Il y a des confins qu’on ne peut toucher qu’en faisant un pas de côté.
P.12 Le « confin » intervient alors comme une anti-frontière qui soulignerait la proximité plutôt que la séparation. Il n’est pas tant le mur entre deux univers distincts que la matérialisation au contraire d’un passage, d’une passerelle, d’un espace intermédiaire.
Ces mondes que l’on imagine séparés coexistent souvent en réalité. Qu’il s’agisse du rural et de l’urbain, du sauvage et du civilisé, du terrestre et du moderne, de l’étrange et du familier, de l’humain et du non-humain, du futur et du passé, il n’existe jamais de ligne de démarcation claire. Tout se juxtapose horizontalement, se superpose verticalement, se recompose à chaque instant.
P.22 Qui peut se prétendre fiable quand l’inconscient, que l’on comprend toujours si peu, s’invite en permanence dans nos vies sans que nous puissions l’entendre ?

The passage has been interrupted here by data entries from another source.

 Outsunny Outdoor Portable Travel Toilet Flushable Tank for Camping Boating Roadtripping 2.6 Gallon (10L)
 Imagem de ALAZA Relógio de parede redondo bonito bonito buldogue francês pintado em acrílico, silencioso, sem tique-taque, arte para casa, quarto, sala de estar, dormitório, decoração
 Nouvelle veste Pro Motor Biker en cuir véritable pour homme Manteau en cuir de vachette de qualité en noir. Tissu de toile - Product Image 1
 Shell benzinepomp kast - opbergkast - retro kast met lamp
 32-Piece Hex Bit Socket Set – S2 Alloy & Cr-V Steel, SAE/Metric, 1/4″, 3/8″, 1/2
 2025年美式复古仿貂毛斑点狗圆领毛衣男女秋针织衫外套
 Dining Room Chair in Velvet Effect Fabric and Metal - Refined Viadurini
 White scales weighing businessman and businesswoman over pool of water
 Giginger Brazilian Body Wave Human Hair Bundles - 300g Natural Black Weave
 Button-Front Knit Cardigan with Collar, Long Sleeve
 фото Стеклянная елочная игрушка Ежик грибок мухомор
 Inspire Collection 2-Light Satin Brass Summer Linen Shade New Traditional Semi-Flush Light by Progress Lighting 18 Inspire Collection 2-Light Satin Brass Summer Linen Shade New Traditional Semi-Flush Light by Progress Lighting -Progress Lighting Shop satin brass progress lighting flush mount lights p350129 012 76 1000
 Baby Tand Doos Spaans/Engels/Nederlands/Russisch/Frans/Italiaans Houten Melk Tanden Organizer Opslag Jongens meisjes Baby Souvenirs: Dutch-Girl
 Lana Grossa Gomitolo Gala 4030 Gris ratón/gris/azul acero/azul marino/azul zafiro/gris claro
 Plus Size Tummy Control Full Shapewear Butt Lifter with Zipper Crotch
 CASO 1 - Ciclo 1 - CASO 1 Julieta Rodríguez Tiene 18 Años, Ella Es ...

P.23 Le cerveau est tout sauf passif. Ce n’est ni un écran de projection ni un miroir mental. Il effectue en permanence – et souvent à notre insu – un filtrage attentionnel et perceptif. Le cerveau élimine même constamment des informations. Il y a ainsi des gestes que l’on effectue de manière si machinale que l’on ne les enregistre même plus. Qui se souviens d’avoir délibérément passé les vitesses en conduisant ? Et qui ne s’est jamais demandé s’il avait bien verrouillé la porte ou éteint la lumière ? Pour ces tâches répétitives, on agit dans une forme d’hypnose : on le fait sans y penser. À l’inverse, le cerveau fabrique aussi des informations de toutes pièces, allant jusqu’à modifier nos souvenirs et les rendre ambigus – au sens littéral de ce qui présente plusieurs sens possibles et dont l’interprétation est donc incertaine. C’est ainsi que les réalités de deux témoins, s’exprimant sincèrement au sujet d’un même évènement, peuvent toutes les deux être vraies tout en se contredisant.